This observation gives us another interpretation of the Tikhonov regularized least-squares problem $(6.10)$, as a robust least-squares problem, taking into account possible variation in the matrix $A$. The solution of the Tikhonov regularized least- squares problem $(6.10)$ minimizes $\mathbf{E}|(A+U) x-b|^{2}$, where $U_{i j}$ are zero mean, uncorrelated random variables, with variance $\delta / m$ (and here, $A$ is deterministic).
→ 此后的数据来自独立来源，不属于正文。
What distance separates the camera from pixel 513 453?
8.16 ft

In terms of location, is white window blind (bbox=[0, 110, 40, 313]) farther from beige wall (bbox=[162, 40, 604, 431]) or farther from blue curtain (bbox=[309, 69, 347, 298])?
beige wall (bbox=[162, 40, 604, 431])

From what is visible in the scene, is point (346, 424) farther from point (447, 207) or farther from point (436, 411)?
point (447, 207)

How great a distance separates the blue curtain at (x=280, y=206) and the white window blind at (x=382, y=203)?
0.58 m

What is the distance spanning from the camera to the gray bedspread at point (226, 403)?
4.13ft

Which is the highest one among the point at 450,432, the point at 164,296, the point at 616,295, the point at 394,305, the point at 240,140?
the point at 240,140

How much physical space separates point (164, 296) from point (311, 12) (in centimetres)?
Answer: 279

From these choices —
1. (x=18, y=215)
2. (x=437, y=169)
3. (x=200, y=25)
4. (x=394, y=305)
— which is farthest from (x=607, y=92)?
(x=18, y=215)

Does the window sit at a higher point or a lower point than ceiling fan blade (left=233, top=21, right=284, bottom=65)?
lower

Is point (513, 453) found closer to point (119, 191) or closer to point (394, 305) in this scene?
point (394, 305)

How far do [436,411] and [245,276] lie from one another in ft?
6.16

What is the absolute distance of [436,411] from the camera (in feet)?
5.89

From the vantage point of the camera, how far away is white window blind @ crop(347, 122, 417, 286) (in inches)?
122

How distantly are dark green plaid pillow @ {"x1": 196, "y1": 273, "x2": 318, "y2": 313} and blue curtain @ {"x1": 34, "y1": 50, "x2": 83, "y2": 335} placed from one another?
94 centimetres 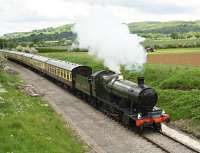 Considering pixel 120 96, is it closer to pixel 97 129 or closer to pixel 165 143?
pixel 97 129

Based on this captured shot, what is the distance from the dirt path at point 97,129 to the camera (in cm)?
1936

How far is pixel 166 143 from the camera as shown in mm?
19906

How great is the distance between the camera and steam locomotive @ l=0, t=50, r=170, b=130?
21781mm

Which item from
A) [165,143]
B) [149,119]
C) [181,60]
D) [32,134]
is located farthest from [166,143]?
[181,60]

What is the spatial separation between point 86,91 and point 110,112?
17.9ft

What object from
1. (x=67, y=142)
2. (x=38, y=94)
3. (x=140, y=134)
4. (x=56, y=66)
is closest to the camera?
(x=67, y=142)

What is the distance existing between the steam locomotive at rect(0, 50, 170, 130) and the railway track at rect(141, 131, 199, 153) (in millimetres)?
654

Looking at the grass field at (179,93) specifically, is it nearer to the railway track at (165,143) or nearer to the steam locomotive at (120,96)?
the railway track at (165,143)

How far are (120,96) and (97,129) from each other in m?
2.43

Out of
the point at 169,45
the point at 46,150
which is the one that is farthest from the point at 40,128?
the point at 169,45

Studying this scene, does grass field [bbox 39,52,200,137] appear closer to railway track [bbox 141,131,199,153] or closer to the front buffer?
the front buffer

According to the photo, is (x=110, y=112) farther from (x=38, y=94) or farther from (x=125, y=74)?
(x=125, y=74)

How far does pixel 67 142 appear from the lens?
61.3ft

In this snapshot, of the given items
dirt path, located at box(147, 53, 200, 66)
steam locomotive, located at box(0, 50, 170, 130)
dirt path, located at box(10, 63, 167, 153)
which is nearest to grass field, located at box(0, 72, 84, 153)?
dirt path, located at box(10, 63, 167, 153) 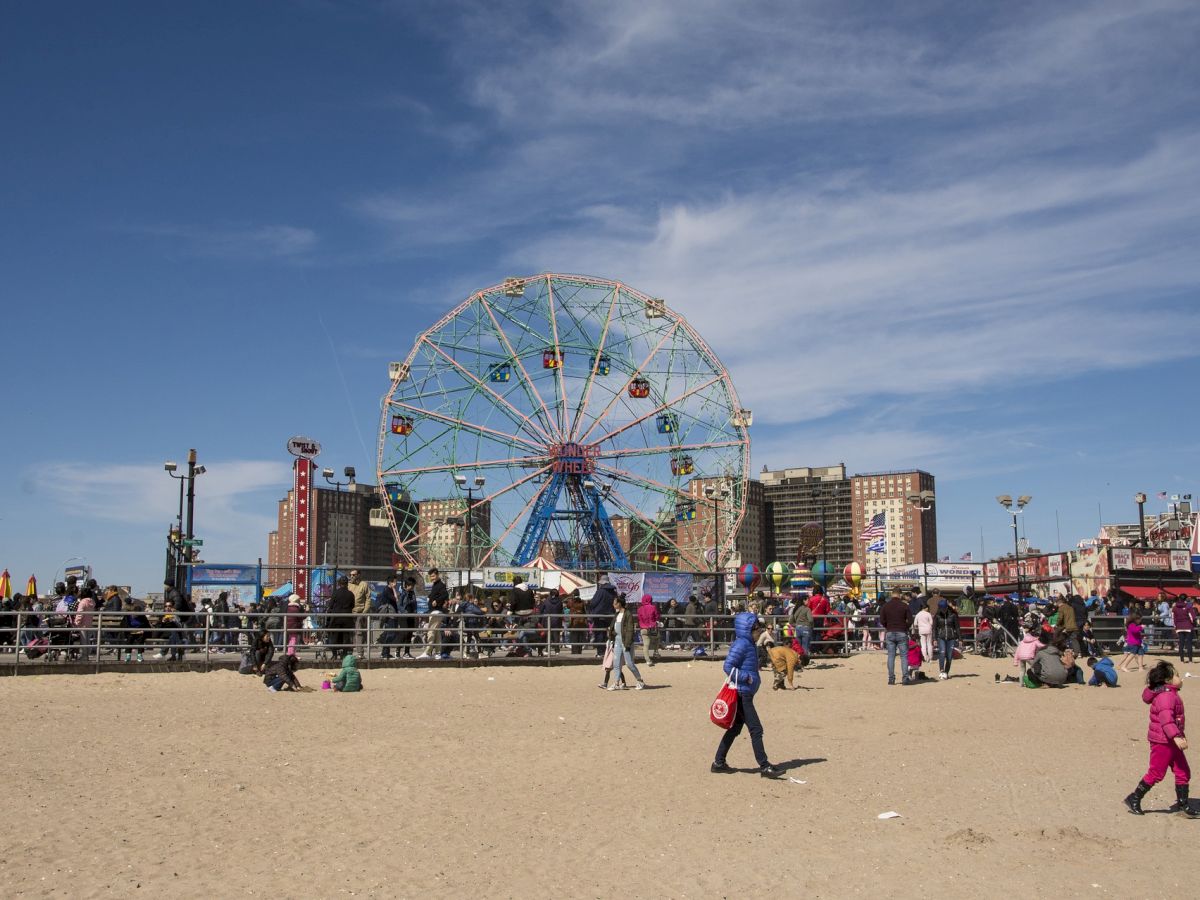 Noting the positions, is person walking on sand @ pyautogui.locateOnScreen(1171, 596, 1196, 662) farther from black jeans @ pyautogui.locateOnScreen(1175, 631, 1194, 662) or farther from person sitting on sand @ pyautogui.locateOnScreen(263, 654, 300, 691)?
person sitting on sand @ pyautogui.locateOnScreen(263, 654, 300, 691)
Worst-case robust approximation
It is also possible to model the variation in the matrix $A$ using a set-based, worstcase approach. We describe the uncertainty by a set of possible values for $A$ :
$$
A \in \mathcal{A} \subseteq \mathbf{R}^{m \times n},
$$
which we assume is nonempty and bounded. We define the associated worst-case error of a candidate approximate solution $x \in \mathbf{R}^{n}$ as
凸优化代考
6.4.1 随机稳健近似
我们考虑基本目标 $|A x-b|$ 的近似问题,但也希望考虑数据矩阵 $A$ 中的一些不确定性或可能的变化。 (同样的想法可以扩展到处理 $A$ 和 $b$ 都存在不确定性的情况。)在本节中,我们考虑一些用于 $A$ 变化的统计模型。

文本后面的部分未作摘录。